Let the noisy world grow quiet.

I cribbed those magic words from a longer prayer meant for the end of the day-day, the full day, not just the professional day. I didn’t come to it magically nor do I have a long relationship with it; I Googled it and linked it here

At 4pm I give myself an hour of reflective writing time. I think of it as my mini-morning. In this time I write, I read. Perhaps I watch YouTube videos in which I live vicariously through watching others unbox clothing hauls, tour their pen, sticker, and washi tape stashes, or sew meticulous Edwardian garments while verbalizing artful witticisms of a slightly affected but nonetheless amusing nature.

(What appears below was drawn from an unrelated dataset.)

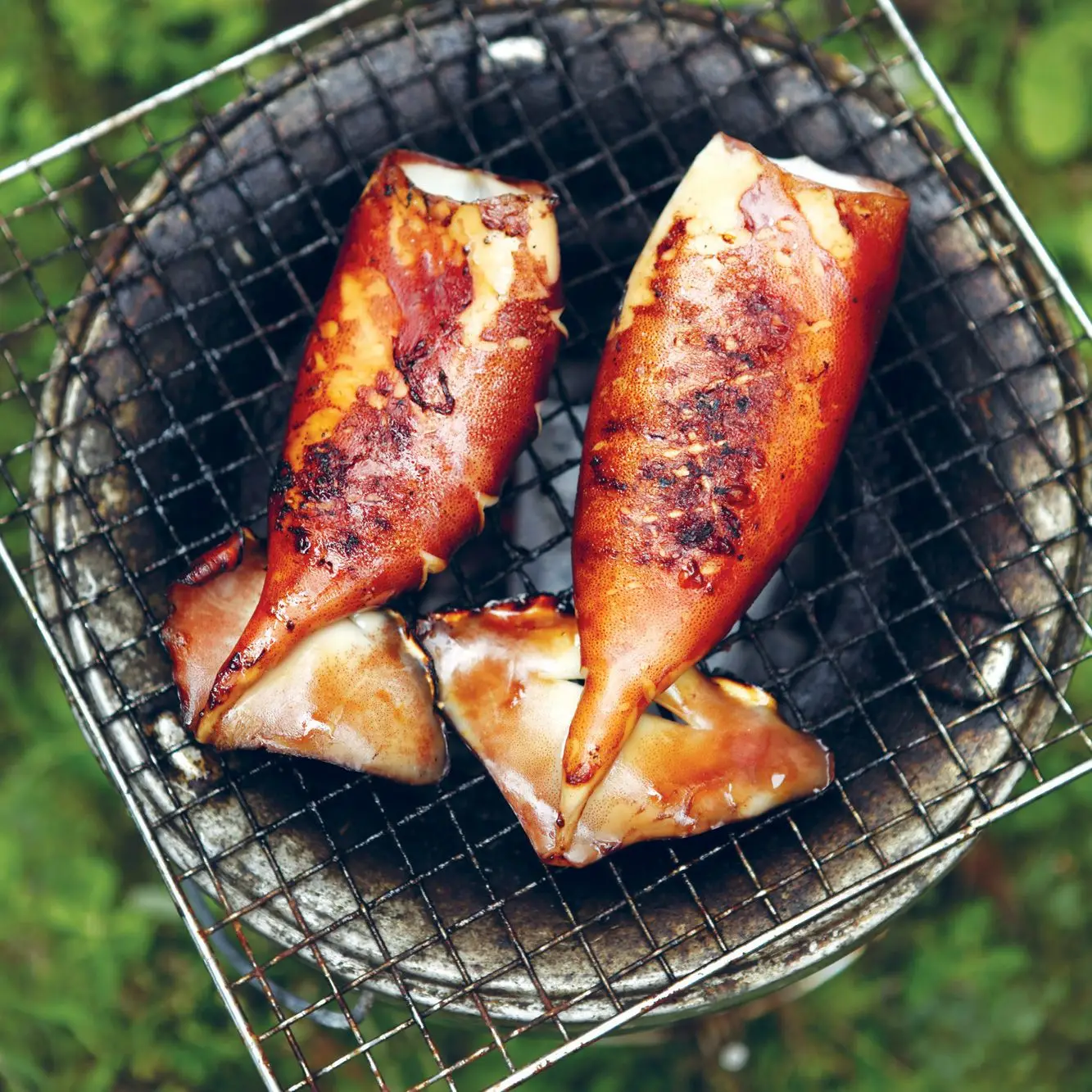 Lula com molho de gengibre-soy marinada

But mostly I just clear out the job so the work can begin. It’s the work I need to do the job. It’s the work I need to be present in the life that is not the job. It’s the work I need to create the fulfillment I work towards.

I’m not pretending that my home life is quiet. There’s actually a lot of yelling involved. I shoulder the blame for contributing to and inspiring much of that yelling. From my constant spot in my office, I’m yelling up the stairs, I’m yelling through the walls. The 12-yr-old yells that I'm a workaholic. The 14-yr-old texts the same. My husband snores it. 

I love my job, but I love my family more.

At the edge of the day, the gargoyles of what I didn’t do or should have done or have to do stand in wait. Let the noisy world grow quiet. On that shallow ledge between afternoon and evening, I rest a book and a cup of coffee.

Because, the day needs something there. 

Paula Diaz

I connect you to the words that connect you to yourself.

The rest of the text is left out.